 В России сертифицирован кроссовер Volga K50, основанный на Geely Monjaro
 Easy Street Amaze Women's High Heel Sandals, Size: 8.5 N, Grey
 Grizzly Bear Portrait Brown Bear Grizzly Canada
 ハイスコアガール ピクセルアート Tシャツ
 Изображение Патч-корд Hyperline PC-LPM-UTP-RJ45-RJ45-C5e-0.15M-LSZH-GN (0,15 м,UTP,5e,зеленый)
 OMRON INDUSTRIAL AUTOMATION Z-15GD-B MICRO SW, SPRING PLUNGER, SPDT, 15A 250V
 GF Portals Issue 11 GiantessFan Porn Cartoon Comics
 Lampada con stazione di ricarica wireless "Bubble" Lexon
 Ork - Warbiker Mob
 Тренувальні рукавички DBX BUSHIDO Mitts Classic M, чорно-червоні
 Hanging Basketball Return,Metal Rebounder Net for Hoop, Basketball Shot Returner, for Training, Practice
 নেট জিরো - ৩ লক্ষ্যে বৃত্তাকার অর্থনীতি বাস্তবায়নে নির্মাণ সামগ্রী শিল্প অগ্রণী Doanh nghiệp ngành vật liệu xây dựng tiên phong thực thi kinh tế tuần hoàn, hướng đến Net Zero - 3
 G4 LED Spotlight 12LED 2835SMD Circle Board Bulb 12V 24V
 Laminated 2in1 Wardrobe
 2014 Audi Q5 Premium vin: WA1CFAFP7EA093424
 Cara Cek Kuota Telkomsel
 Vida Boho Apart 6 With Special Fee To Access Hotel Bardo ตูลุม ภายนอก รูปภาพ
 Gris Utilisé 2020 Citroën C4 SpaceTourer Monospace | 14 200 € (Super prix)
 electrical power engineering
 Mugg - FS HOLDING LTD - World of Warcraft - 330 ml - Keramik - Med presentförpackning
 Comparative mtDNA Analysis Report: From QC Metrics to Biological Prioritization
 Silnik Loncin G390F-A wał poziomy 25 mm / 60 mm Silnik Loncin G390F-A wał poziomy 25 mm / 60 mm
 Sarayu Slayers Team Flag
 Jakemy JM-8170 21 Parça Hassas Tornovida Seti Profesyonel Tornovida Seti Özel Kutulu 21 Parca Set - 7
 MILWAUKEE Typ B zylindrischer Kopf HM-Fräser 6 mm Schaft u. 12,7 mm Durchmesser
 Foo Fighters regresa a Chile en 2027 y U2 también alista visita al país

+++

> _ABOUT THIS TASK_
Each line from the one containing "Silnik Loncin G390F-A wał poziomy 25 mm / 60 mm Silnik" to the end of the listing above must be printed exactly, and no other line may appear.

> _RESULT BELOW_
 Silnik Loncin G390F-A wał poziomy 25 mm / 60 mm Silnik Loncin G390F-A wał poziomy 25 mm / 60 mm
 Sarayu Slayers Team Flag
 Jakemy JM-8170 21 Parça Hassas Tornovida Seti Profesyonel Tornovida Seti Özel Kutulu 21 Parca Set - 7
 MILWAUKEE Typ B zylindrischer Kopf HM-Fräser 6 mm Schaft u. 12,7 mm Durchmesser
 Foo Fighters regresa a Chile en 2027 y U2 también alista visita al país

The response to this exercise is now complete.